Financial & competing interests disclosure
G Wong has served as an advisory committee member for Otsuka and Gilead. She has also served as a speaker for Bristol-Myers Squibb, Echosens, Furui and Otsuka. The authors have no other relevant affiliations or financial involvement with any organization or entity with a financial interest in or financial conflict with the subject matter or materials discussed in the manuscript apart from those disclosed.

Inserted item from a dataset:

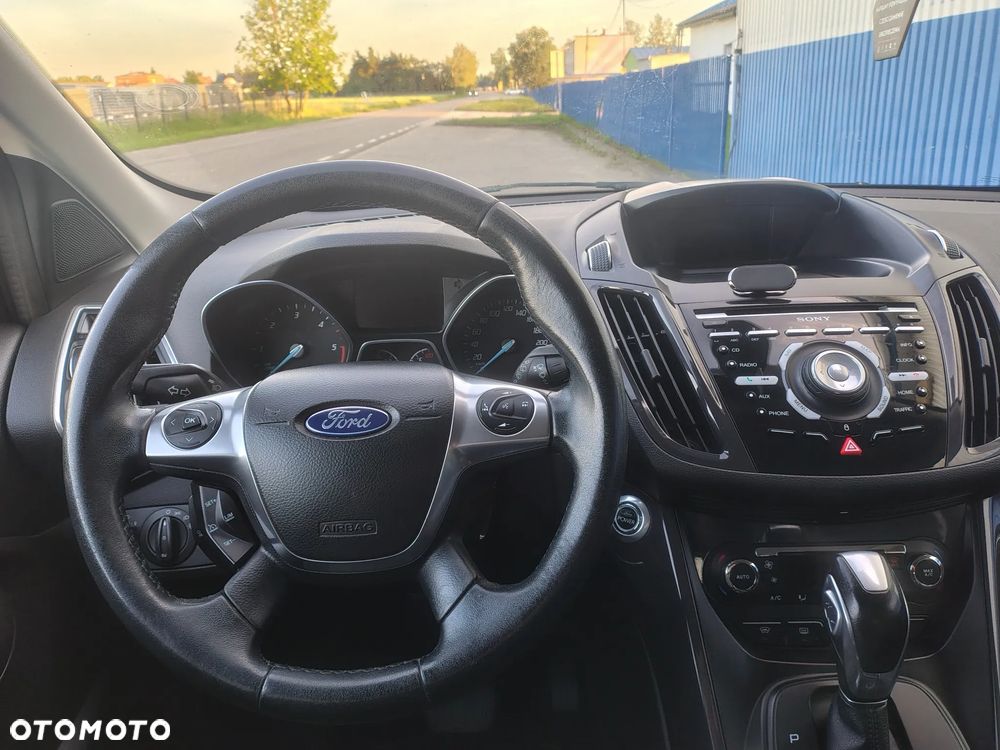 Ford Kuga 2.0 TDCi 4x4 Individual - 22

No writing assistance was utilized in the production of this manuscript.
Key issues
The primary target of treatment for chronic hepatitis B (CHB) lies in prevention of disease progression into serious complications of decompensated cirrhosis, liver failure and hepatocellular carcinoma.
Oral nucleos(t)ide analogs (NAs) have revolutionalized the CHB treatment by a daily oral dosing and few side effects.
There are currently five NAs approved for CHB treatment: lamivudine, telbivudine and entecavir (nucleoside analogs), adefovir dipivoxil and tenofovir disoproxil fumarate (nucleotide analogs).
NAs suppress hepatitis B virus (HBV) by targeting at the HBV DNA polymerase and thus intervene the replication of the virus.
The latest internal guidelines recommend entecavir and tenofovir disoproxil fumarate as the preferred NAs.
NA therapy has been proven to reduce the risk of hepatocellular carcinoma development and improve survival.
De novo combination of NAs may achieve more complete viral suppression in the subgroup of patients with very high pre-treatment HBV DNA levels.
Response-guided therapy for suboptimal responders to NAs, the roadmap approach, may improve the cost–effectiveness of NA therapy.
Tenofovir alafenamide and besifovir are two promising NAs currently under investigations.